The problem is that the OpenCL API unfortunately doesn’t provide any API entry to uninitialize the entire implementation (e.g. all driver data). It does provide API entries to unload compiler though: clUnloadPlatformCompiler() and clUnloadCompiler().

User can use these to ask PoCL to unload all LLVM data, but it should be noted that with PoCL, the LLVM data is freed only if all cl_programs and cl_kernels have been released before calling it.

Usage is simple: call clUnloadPlatformCompiler() once after all other OpenCL objects have been released, right before the program exit.

If the user sets POCL_ENABLE_UNINIT env var to 1, PoCL will also try to unload driver data.
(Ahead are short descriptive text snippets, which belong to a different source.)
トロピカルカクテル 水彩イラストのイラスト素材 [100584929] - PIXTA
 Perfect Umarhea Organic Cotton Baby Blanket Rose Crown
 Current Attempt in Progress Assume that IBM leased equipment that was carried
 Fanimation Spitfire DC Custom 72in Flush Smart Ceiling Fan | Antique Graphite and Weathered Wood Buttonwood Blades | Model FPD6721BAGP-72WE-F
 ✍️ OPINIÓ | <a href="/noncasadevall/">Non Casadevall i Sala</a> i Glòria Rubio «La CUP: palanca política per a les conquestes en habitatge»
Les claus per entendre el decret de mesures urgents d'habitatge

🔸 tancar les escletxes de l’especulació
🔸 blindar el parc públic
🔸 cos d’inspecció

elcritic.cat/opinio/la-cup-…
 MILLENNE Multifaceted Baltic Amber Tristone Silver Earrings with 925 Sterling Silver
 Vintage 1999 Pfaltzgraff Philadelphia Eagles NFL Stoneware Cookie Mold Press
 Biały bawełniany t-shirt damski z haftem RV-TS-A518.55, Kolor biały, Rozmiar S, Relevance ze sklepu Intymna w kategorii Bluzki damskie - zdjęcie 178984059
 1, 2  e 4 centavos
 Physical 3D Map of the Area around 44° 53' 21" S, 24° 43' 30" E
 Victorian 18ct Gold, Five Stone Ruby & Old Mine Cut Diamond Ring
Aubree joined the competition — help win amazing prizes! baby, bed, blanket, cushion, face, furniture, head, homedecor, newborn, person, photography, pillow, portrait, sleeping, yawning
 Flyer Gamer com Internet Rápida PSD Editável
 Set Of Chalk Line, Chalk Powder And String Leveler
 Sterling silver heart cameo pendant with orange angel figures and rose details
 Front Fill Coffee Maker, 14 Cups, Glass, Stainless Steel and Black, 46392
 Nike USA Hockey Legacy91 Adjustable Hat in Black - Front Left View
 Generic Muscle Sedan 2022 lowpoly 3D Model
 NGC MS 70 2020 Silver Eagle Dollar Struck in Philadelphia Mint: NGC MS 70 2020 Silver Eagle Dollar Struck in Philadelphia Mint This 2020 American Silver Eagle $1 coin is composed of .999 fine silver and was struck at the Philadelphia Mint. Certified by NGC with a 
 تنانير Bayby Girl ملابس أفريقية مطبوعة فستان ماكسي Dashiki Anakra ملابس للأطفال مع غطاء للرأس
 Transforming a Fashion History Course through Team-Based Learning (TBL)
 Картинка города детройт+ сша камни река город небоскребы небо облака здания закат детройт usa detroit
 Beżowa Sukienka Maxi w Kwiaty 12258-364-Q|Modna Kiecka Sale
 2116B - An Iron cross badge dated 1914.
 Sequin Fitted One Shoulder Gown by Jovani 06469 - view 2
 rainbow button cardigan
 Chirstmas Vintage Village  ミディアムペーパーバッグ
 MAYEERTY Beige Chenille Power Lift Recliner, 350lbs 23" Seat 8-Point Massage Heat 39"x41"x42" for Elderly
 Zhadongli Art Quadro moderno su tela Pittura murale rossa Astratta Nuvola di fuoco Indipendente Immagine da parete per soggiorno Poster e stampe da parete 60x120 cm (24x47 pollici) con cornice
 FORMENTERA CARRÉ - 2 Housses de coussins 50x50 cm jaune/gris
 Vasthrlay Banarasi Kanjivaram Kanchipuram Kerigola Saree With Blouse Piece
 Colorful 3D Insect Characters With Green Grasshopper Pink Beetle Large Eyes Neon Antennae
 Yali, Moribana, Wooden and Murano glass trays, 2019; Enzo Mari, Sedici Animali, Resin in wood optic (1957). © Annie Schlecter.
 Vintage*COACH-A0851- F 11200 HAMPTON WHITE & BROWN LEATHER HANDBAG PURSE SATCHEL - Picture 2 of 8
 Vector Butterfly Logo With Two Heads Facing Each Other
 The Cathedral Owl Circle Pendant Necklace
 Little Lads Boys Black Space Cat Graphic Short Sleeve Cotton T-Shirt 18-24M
This feature might not work reliably so it’s currently considered experimental.

Example: Running a program compiled with AddrSanitizer, which calls clUnloadPlatformCompiler(), with POCL_DEBUG=all POCL_ENABLE_UNINIT=1 env variables will result in (if the program has no memleaks):

[2020-06-20 15:25:01.722343448]POCL: in fn POclReleaseContext at line 50:
  | REFCOUNTS |  Free Context 0x60f000000310

[2020-06-20 15:25:01.722369150]POCL: in fn void pocl_llvm_release() at line 370:
  |      LLVM |  releasing LLVM

[2020-06-20 15:25:01.823218919]POCL: in fn pocl_check_uninit_devices at line 107:
  | REFCOUNTS |  Zero contexts left, calling pocl_uninit_devices

[2020-06-20 15:25:01.823266761]POCL: in fn pocl_uninit_devices at line 334:
  |   GENERAL |  UNINIT all devices

Running the same program with empty PoCL cache and removed clUnloadPlatformCompiler() call (therefore, with LLVM context alive at program exit), ASan will print a lot of memory leaks:

Indirect leak of 8 byte(s) in 1 object(s) allocated from:
    #0 0x7f99eef43ba0 in operator new(unsigned long) (/usr/lib/x86_64-linux-gnu/libasan.so.5+0xefba0)
    #1 0x7f99eead5aea in WorkItemAliasAnalysis::runOnFunction(llvm::Function&) /tmp/lib/llvmopencl/WorkItemAliasAnalysis.cc:130
    #2 0x7f99e6f76ed5 in llvm::FPPassManager::runOnFunction(llvm::Function&) (/usr/lib/llvm-10/lib/libLLVM-10.so.1+0xb11ed5)

SUMMARY: AddressSanitizer: 1047772 byte(s) leaked in 3046 allocation(s).